- _SUPPLIED ENTRIES_:
■ ■ ■ ■ ■ ■ ■

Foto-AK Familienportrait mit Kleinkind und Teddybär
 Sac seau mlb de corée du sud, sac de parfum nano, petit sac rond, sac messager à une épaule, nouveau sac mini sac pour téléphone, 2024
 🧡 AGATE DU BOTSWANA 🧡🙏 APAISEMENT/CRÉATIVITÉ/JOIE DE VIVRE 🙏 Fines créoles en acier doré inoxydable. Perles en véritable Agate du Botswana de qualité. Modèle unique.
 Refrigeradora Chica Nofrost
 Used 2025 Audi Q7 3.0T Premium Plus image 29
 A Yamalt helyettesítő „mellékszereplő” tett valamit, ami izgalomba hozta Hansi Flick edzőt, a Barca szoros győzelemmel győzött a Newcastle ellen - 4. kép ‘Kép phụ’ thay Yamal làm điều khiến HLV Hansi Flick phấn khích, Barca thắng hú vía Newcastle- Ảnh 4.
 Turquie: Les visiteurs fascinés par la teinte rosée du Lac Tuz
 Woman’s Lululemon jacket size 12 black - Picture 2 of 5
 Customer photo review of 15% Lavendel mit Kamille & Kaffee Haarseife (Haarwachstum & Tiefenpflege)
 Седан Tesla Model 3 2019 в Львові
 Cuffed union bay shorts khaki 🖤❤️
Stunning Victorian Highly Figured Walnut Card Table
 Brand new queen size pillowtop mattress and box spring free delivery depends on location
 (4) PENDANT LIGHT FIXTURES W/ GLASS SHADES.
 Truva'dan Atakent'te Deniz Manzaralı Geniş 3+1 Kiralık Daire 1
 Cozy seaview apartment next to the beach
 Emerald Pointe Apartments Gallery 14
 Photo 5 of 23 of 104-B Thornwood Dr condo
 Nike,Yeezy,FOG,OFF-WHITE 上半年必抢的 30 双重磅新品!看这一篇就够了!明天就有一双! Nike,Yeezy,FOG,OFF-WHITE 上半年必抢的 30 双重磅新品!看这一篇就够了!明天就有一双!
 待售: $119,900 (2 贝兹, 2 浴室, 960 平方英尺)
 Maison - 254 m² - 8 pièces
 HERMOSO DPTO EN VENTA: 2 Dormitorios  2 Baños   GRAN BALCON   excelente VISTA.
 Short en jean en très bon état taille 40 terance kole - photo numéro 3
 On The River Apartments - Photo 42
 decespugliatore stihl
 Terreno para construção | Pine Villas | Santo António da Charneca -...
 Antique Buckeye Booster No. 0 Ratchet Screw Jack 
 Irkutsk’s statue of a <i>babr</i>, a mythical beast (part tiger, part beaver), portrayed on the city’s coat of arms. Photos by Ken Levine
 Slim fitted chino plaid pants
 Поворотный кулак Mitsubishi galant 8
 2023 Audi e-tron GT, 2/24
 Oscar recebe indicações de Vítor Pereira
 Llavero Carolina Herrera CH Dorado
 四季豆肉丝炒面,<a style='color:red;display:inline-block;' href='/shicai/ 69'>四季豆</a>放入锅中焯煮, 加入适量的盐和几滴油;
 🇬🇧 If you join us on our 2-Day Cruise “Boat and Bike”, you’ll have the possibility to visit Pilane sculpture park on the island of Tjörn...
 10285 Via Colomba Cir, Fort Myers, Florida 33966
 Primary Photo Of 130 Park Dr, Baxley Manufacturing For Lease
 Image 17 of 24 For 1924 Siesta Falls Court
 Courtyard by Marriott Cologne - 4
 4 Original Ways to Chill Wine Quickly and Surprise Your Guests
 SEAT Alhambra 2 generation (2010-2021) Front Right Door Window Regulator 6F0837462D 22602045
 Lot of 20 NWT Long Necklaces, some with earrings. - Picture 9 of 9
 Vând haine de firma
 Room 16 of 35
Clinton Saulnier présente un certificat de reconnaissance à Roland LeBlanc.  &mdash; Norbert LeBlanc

■ ■ ■ ■ ■ ■ ■

- _HOW TO COMPLETE THIS TASK_:
The expected output is exactly the lines of the listing above between the line holding "href='/shicai/ 69'>四季豆</a>放入锅中焯煮, 加入适量的盐和几滴油;" and the line holding "4 Original Ways", inclusive.

- _SOLUTION_:
 四季豆肉丝炒面,<a style='color:red;display:inline-block;' href='/shicai/ 69'>四季豆</a>放入锅中焯煮, 加入适量的盐和几滴油;
 🇬🇧 If you join us on our 2-Day Cruise “Boat and Bike”, you’ll have the possibility to visit Pilane sculpture park on the island of Tjörn...
 10285 Via Colomba Cir, Fort Myers, Florida 33966
 Primary Photo Of 130 Park Dr, Baxley Manufacturing For Lease
 Image 17 of 24 For 1924 Siesta Falls Court
 Courtyard by Marriott Cologne - 4
 4 Original Ways to Chill Wine Quickly and Surprise Your Guests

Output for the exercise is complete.